A divisive issue dating back at least to 1984 on whether Juneau should have a second connection between Juneau and Douglas Island has come back into city plans.
The North Douglas Crossing is once again a topic of conversation for the city after $250,000 of capital improvement project funding will go toward analyzing the impact of what a second crossing could mean to the City and Borough of Juneau.
Mayor Ken Koelsch proposed the CIP funding as part of the Fiscal Year 2019 CBJ budget. It was approved at the CBJ Assembly meeting June 4. While no exact details are set, Koelsch said the funding toward the bridge will go toward making a “plan of action.” Koelsh said that involves taking the series of studies done over the years, modernizing them and letting the public know where the city stands on the plan.

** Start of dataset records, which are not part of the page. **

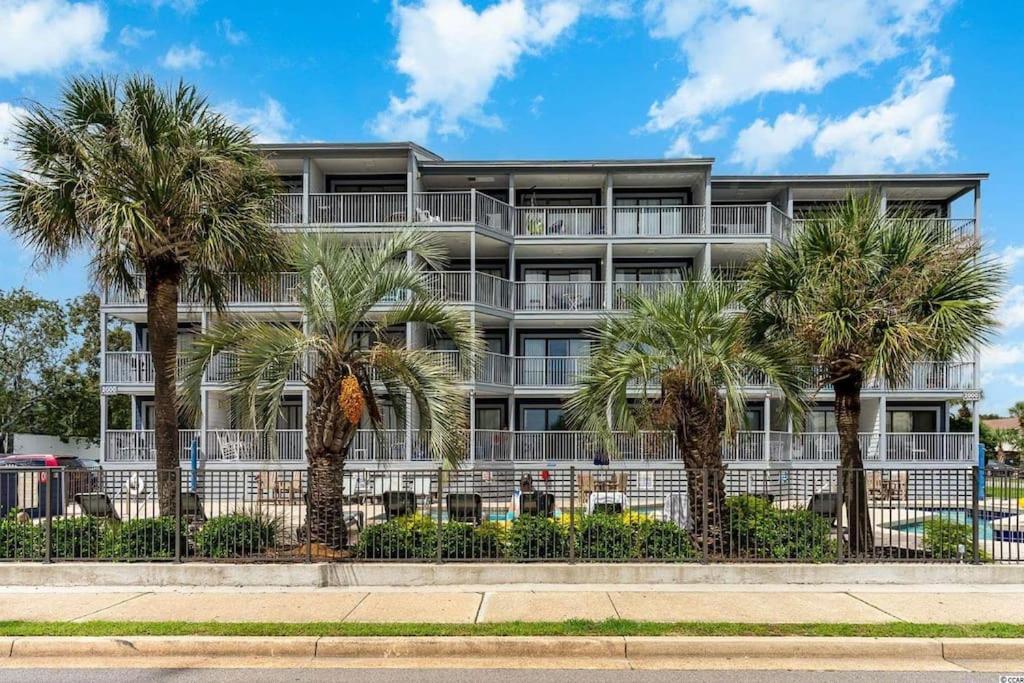 The Beachside Dacha - Lock-out 2 Bedroom Ocean View * Myrtle Beach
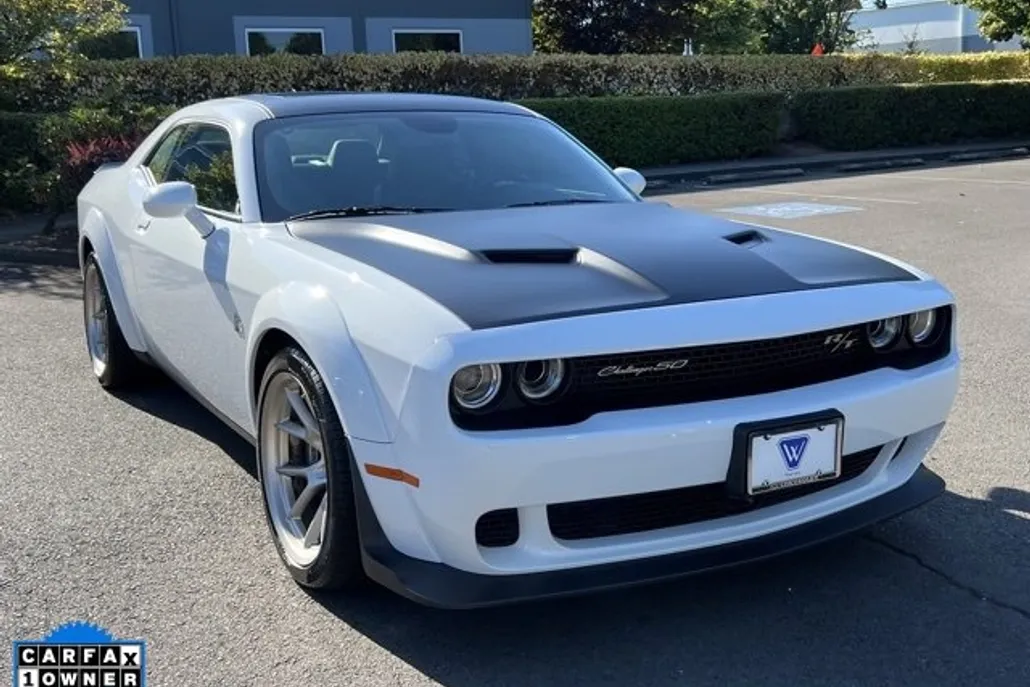 2020 Dodge Challenger R/T Scat Pack Widebody photo 1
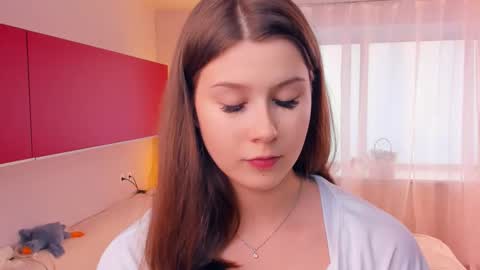 Snapshot of minditrelles chatting on 11-05-25, 07:08 Mindi online show from 11-05-25, 07:08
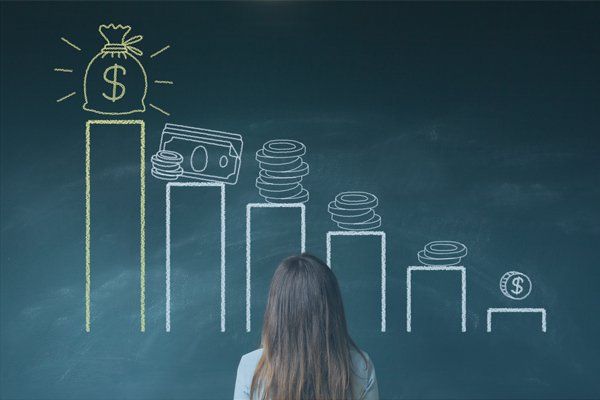 Fresh Graduate Baru Pertama Kali Merasakan Terima Gaji, Bingung Mengalokasikan dan Mengaturnya? Coba Tips Ini!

Koelsch said one of the biggest reasons he would like to see the North Douglas Crossing come to fruition is providing easier access to West Douglas, untouched wilderness on the backside of Douglas which CBJ and others have tried to develop for decades.
“If we are going to have growth in Juneau, one of the areas in West Douglas,” Koelsch said. “West Douglas has some great potential and even the weather is a little bit better.”
Douglas Bridge at the crossing of Egan Drive and 10th Street is the only connection between the mainland and Douglas. The Department of Transportation and Public Facilities did traffic analyses in 2002 but DOT spokeswoman Aurah Landau said in an email to the Empire that those studies are outdated and do not reflect the current traffic patterns in Juneau.
“Not only are previous analyses based on outdated traffic growth projections but the placement of the roundabout at the bridge has changed traffic flow,” Landau said.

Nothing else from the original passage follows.